Madden and Paltrow also collaborated on a London stage production of Proof, and their confidence brings clarity to the material while draining it of some of its spontaneity. Paltrow plays Catherine, devoted daughter to a genius mathematician named Robert (Anthony Hopkins). When Robert's brilliance dulls with the advance of age, mental instability emerges and effectively ends his academic career at the University of Chicago. Catherine puts her life on hold to care for her father and, day by day, share his hope of reclaiming his once-great mind.
Robert's story unfolds in flashback scenes, underscoring the looming shadow cast by genius and familial authority. At the film's outset, Catherine and her sister Claire (Hope Davis) must deal with the practical and emotional fallout of his recent death. The long-distant Claire sees Robert's death as an opportunity to end a messy chapter of her family history and forestall a new and equally tragic chapter from beginning. Claire believes that Catherine shares their father's potential for genius and insanity. In a gesture of newfound responsibility (and assertion of control), Claire insists on relocating her sister from the haunted university home to a protective environment.
Naturally, Claire's plan is cause for considerable tension, in part because of Catherine's personal incompatibility with her fussy sister and in part because of Catherine's considerable self-doubt. As Catherine faces the ever-more-likely prospect of being locked outside of the world she shared with her father and the world she desires for herself, grief begins to look a lot like insanity. Ground zero is the arcane and mysterious field of mathematics. In Robert's declining years, he enjoys a period of resurgence and believes he's on the cusp of a major breakthrough; meanwhile, Catherine explores her own potential as a graduate student in mathematics. Certainly, she is her father's daughter, but will she reveal his genius, his insanity, or both?
A fourth character shows a vested interest in the answer to that question. Hal (Jake Gyllenhaal), a doctoral student once under Robert's mentorship, reveals two not unrelated desires upon his death: to fulfill his long-held longing for Catherine and to plumb Robert's ostensibly crazed scribblings for signs of brilliance. As the dust clears, a key piece of evidence appears: a mathematical proof that, should it check out, will prove to be a major advance. Catherine claims to have authored the proof; Hal insists it could only be the work of her father.
The cast acquits itself admirably, though Paltrow and Hopkins come to the fore: the former enjoying a well-rounded character and the latter responding to juicy theatrics. Davis earnestly does her best with her brittle role; Gyllenhaal's equivocal lover, puppyish and ambitious in equal measure, never fully coalesces, but the script and director share responsibility. In the central role, Paltrow successfully anchors the film, but proves emblematic of the film's ineffable failure to be thrillingly superb: too often, she seems to wear her trauma like a Greek mask.

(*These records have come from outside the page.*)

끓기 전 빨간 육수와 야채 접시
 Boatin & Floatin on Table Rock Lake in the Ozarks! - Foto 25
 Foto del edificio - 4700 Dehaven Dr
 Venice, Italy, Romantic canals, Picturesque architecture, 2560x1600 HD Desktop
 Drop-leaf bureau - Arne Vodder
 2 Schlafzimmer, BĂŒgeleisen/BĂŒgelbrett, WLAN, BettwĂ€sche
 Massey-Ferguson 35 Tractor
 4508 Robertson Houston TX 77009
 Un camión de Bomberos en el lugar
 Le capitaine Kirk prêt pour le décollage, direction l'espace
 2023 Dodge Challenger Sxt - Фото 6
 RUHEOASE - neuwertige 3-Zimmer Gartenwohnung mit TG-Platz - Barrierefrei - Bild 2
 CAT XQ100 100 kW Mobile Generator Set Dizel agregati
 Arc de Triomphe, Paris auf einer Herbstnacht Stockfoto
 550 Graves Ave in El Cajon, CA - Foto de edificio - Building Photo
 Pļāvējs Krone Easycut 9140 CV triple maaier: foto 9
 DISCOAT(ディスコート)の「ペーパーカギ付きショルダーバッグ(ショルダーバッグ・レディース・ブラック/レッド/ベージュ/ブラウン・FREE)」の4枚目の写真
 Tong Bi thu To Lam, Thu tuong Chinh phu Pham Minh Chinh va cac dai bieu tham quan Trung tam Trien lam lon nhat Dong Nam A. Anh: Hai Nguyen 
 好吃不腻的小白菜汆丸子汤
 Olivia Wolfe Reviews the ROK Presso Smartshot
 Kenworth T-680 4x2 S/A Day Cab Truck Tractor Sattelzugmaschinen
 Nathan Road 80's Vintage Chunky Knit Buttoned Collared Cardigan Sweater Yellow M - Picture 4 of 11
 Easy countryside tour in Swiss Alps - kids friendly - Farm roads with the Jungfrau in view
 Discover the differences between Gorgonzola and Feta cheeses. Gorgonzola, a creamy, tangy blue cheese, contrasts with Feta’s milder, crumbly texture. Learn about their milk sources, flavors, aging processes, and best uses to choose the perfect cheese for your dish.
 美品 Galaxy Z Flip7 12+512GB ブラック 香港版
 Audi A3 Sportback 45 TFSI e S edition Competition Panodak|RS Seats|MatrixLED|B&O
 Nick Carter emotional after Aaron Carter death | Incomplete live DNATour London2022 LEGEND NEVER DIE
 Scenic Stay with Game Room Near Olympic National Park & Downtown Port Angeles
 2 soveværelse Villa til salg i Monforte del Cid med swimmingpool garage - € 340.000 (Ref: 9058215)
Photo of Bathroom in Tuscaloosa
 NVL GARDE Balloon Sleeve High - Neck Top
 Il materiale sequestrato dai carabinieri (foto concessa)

Auburn's story sparks intriguing considerations about greatness—so powerfully seductive and so terribly elusive—and the far edges of reason that yield to genius and madness. The screenplay's complex but never confusing structure intensifies interest and holds at bay the inevitable disapointment of resolution. From the first scene to the last, this phase of Catherine's life is a proof: she reviews it for verification, looks for a more direct path, a "better" way, but concludes that it is what it is. Proof plays cleverly with the arcane mysteries of game theory, and if it's only a game, happily, it's one worthy of exhibition. In the end, Auburn and Miller invite reflection on an epochal question: do our lives add up to something?